Fret not -- Kim O'Donnel's new book, "The Meat Lover's Meatless Celebrations," offers a year's worth of meatless feasts. O'Donnel, former food writer for the Washington Post, is an unabashed omnivore who believes "delicious first, meatless second." Her winter feast recipes, including stromboli and stuffed delicata squash, bring everyone to the table and offer a break from the holiday have-tos, such as the "misguided" ham with 7-Up that had been a fixture at O'Donnel's own holiday table when she was a kid.

"People tend to do the same thing over and over again," she says. "I don't think it so much what people really love, it's performance anxiety. If you don't cook regularly, you fall back on the things you know how to do kinda sorta."

Meatcentric holidays may be traditional, but they're no longer in keeping with "how we're eating," says O'Donnel. According to the Seattle-based author and cook, daily meat consumption is down among omnivores. Whether it's concern over health, the environment, the issue of compassion or the issue of cost, people are "waking up to this very difficult reality that they can't be doing this anymore. Unfortunately, too many people think you have to completely change your diet. It scares people."

A dietary overhaul isn't necessary. Just by eating meat less frequently, "you start to see impact," she says. "We need to rethink of having meat as a given."

And people are. While on the road doing a kale salad demo, O'Donnel was approached by a man in a cowboy hat and cowboy boots, who came not to argue the meat versus meatless thing but to sample the salad and get her to autograph her book. "That's what's happening," she says. "Mr. Ten-Gallon Cowboy Hat wants to have these conversations."

That's something to celebrate. "The table is where we can do it," O'Donnel says. Even at the holidays. "The Meat Lover's Meatless Celebrations" offers two dozen meatless menus replacing ham and other misguided holiday foods with dishes "to be enjoyed by all. There's a way to do it so everybody feels like they're important."

Christmas can be Christmas without ham and without hurt feelings. "We can put aside our political differences, our problems and our baggage and we can be in the moment with the food," says O'Donnel. "There's something pretty powerful about that."

Delicata Boats With Red Rice Stuffing

from Kim O'Donnel's "The Meat Lover's Meatless Celebrations"

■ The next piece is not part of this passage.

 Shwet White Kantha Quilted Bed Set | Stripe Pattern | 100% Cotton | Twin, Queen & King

Stuffed acorn squash: the intentions are always good, but unfortunately, the results rarely live up to the hype. Fortunately, there's another way to meatless main dish happiness, people! It comes in the form of the delicata squash, a thin-skinned, quick-cooking variety that tastes like a mash-up of corn and sweet potatoes. Stuffed with mahogany-hued red rice, these boats are hearty yet elegant and actually taste like the squash of our dreams.

1 1/2 cups water
1 cup Bhutanese red rice (Plan B: long-grain Wehani; cooking times and liquid amounts may vary)
3 to 4 delicata squash (about 1 pound each)
1/8 cup olive oil, plus extra for brushing
1/4 teaspoon salt, plus more to taste
Freshly ground black pepper
1/2 cup fresh flat-leaf parsley, chopped
1/4 cup unsalted shelled pistachios, chopped (Other options: walnuts,
almonds, or pecans, also chopped)
1/3 cup dried cranberries or cherries, chopped
1 teaspoon fennel seeds
1 teaspoon peeled and minced fresh ginger
Zest of 1/2 lemon or orange, plus 1 or 2 squeezes of the juice
1/8 teaspoon ground chile pepper of choice

TOOLS: Parchment paper

KITCHEN NOTES: There's enough filling for eight servings (one squash half per person). For a party of six, you'll have more than a cup of remaining filling, which you can bring to the table.

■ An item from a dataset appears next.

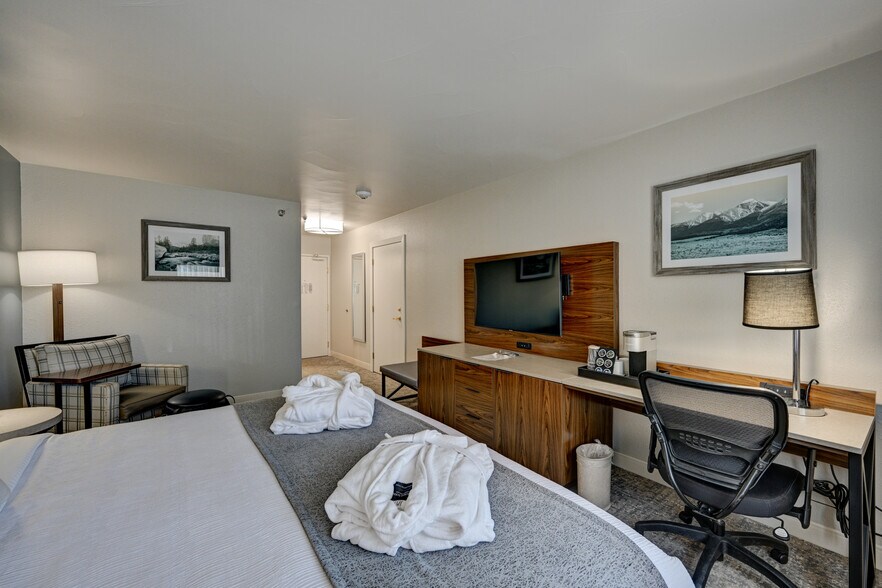 More Photos Of 733 US Highway 24 N, Buena Vista Hotel For Sale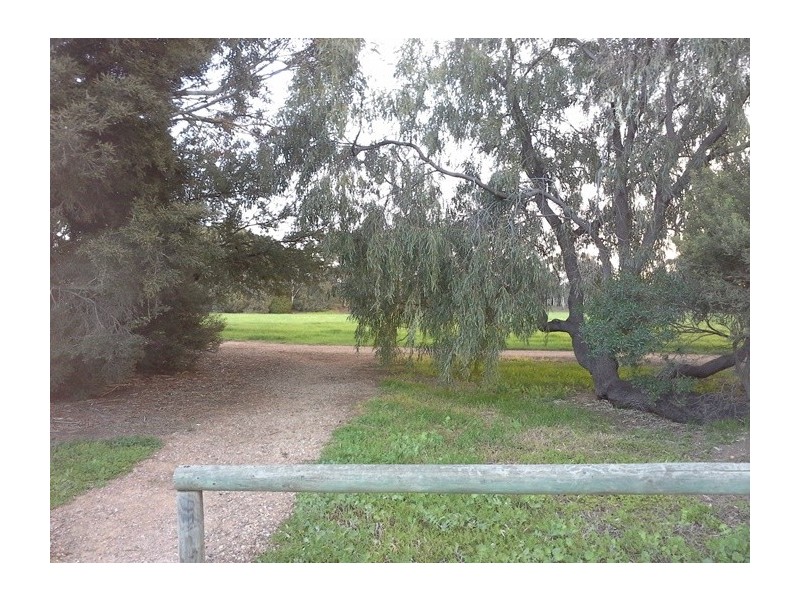 10 Garfield Crt, Paralowie SA 5108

Bring the water and the rice to a boil in a medium-size saucepan. Lower the heat to low, cover, and cook at a simmer, 20 to 25 minutes. The rice will be done when water is absorbed and grains are tender to the bite. (Kept covered for 5 to 10 minutes, the rice will continue to cook.) Preheat the oven to 400°F and line a baking sheet with parchment paper.

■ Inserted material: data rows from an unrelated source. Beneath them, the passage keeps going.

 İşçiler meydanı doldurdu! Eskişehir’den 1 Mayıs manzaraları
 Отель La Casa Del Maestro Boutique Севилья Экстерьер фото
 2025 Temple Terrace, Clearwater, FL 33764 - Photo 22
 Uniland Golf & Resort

Trim both ends of each squash and slice in half lengthwise. Scoop out and discard the seeds and the attached pulp. Brush both sides of the squash with the olive oil, and season the inside to taste with salt and pepper.

Roast until easily pierced with a fork, about 30 minutes, and remove from the oven. Lower the oven heat to 350°F.

While the squash roasts, make the filling: Transfer the rice to a large mixing bowl and add the 1/8 cup of olive oil, and the parsley, nuts, dried fruit, fennel seeds, ginger, citrus zest, and chile pepper. Stir until the rice is coated with the oil and the mixture is well mixed. Add the 1/4 teaspoon of salt, stir, taste, and reseason if necessary.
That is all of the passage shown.